Problem requirements:
At the line containing "粉丝涨粉（粉丝怎么涨）", begin an exact copy of the lines below and continue through the final one, with no pictures.

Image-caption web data
*****
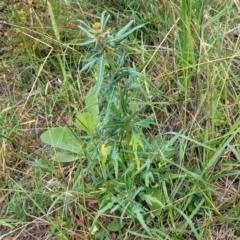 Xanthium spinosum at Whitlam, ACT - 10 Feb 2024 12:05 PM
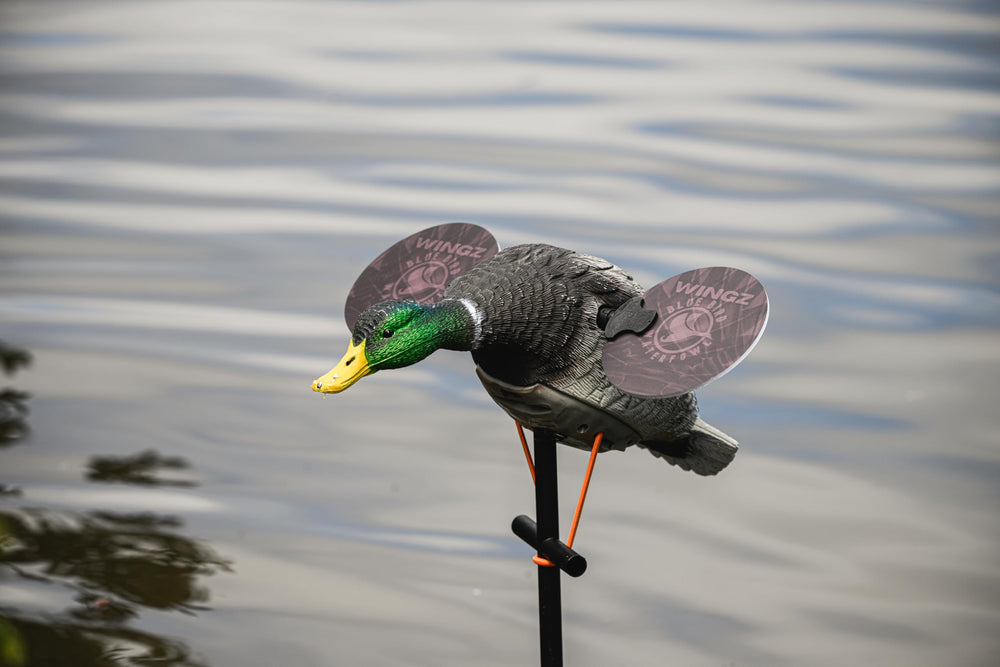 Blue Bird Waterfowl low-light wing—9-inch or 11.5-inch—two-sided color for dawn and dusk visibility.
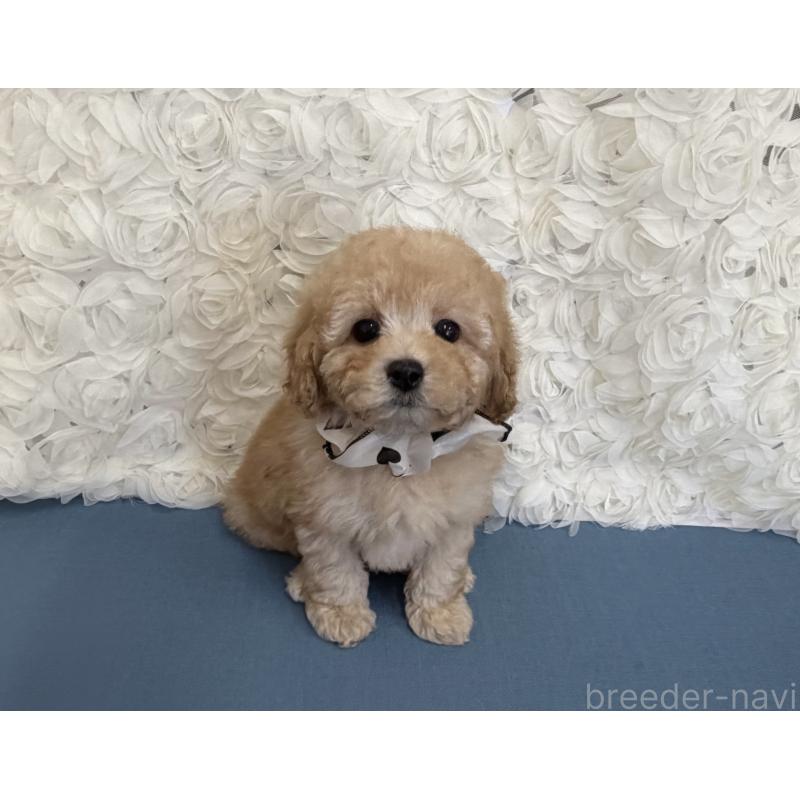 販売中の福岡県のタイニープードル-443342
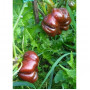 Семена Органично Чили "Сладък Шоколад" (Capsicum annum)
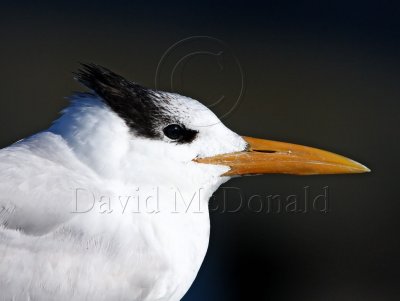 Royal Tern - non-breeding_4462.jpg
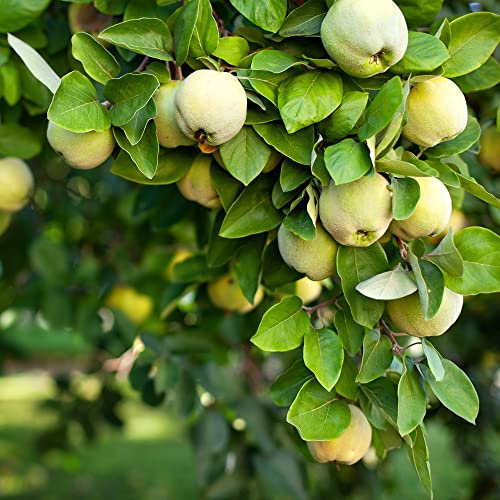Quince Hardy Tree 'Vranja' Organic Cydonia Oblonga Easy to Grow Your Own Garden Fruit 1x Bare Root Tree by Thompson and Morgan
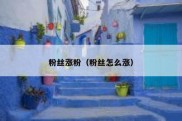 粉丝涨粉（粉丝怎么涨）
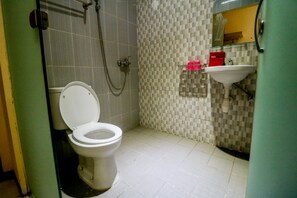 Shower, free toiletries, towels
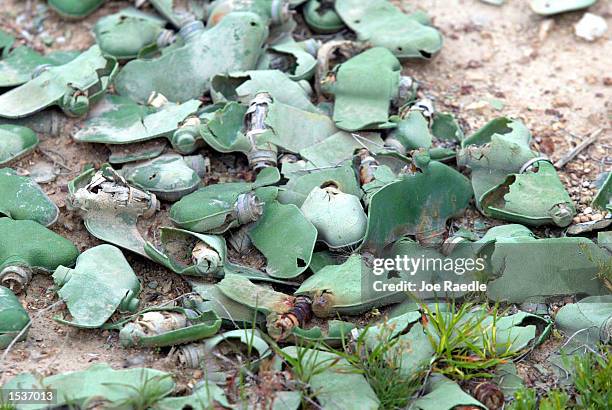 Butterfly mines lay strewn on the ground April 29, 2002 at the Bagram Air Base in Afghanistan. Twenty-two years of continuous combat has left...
*****
Reply:
 粉丝涨粉（粉丝怎么涨）
 Shower, free toiletries, towels
 Butterfly mines lay strewn on the ground April 29, 2002 at the Bagram Air Base in Afghanistan. Twenty-two years of continuous combat has left...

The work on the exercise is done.